Get or set properties by their textual names and values through a console like interface.

```rust
let mut console = String::new();
cvar::console::invoke(&mut program_state, "poke!", &["the value is"], &mut console);
assert_eq!(program_state.text, "the value is: 13");
```

Invoke methods through actions defined in the visitor.

Design
------

Configuration is the interface where a user meets and interacts with the program state. Users interact through text while programs have their preferred data types.

The goal of a configuration manager is to facilitate this interaction. This library's scope is more narrow in providing just the means to identify configurable elements and interact with them through text.

A configurable element is called a _node_. Every _node_ has some metadata such as a _name_ and a _description_. There are three types of nodes: _properties_, _lists_ and _actions_.

* A _property_ stores a variable and has a _default value_.

* A _list_ defines a hierarchy. It contains _child nodes_. Names in a hierarchy are separated by a dot, eg: `list.foo`.

* An _action_ is node that can be invoked with an argument string. It can execute arbitrary code in its context.

The _nodes_ are ephemeral, this means that they don't store their metadata next to and interspersed with the program state.

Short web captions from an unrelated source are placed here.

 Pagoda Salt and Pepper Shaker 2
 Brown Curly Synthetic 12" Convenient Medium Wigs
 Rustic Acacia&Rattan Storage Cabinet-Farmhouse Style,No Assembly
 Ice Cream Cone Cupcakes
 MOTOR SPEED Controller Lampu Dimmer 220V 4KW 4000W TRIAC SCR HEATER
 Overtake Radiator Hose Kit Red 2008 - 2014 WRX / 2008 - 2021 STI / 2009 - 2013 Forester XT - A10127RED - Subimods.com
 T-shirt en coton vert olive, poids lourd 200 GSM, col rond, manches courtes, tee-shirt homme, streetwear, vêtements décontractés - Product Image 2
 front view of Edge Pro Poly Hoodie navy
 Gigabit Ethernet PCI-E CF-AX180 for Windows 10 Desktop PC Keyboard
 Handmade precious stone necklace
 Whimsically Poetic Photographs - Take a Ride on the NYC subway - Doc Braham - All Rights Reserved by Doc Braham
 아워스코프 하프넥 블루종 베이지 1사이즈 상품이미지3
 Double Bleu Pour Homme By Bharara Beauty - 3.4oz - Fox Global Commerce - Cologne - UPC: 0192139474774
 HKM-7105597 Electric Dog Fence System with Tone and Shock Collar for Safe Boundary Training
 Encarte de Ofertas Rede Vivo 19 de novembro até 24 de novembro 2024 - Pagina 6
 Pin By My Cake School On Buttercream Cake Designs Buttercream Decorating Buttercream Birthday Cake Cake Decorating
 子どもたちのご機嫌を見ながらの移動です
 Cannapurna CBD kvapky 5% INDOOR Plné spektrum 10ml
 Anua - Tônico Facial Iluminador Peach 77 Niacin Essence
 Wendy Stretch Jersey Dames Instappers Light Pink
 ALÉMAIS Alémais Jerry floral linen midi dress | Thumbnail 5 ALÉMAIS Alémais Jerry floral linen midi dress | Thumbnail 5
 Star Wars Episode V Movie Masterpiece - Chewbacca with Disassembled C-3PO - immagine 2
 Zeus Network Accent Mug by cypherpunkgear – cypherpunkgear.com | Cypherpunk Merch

This avoids requiring long-lived borrows and has other performance benefits.

While generic implementations are provided, each node type is a trait and can have custom implementations.

Future work
-----------

Implement autocomplete for identifiers and suggestions for property values and actions.

Implement helpers for enums and enum flags support.

Usage
-----

This crate is available on [crates.io](https://crates.io/crates/cvar).

Documentation is available on [docs.rs](https://docs.rs/cvar).

In your Cargo.toml:

```
[dependencies]
cvar = "0.2"
```

License
-------

Licensed under [MIT License](https://opensource.org/licenses/MIT), see [license.txt](license.txt).

### Contribution


Unless you explicitly state otherwise, any contribution intentionally submitted
for inclusion in the work by you, shall be licensed as above, without any additional terms or conditions.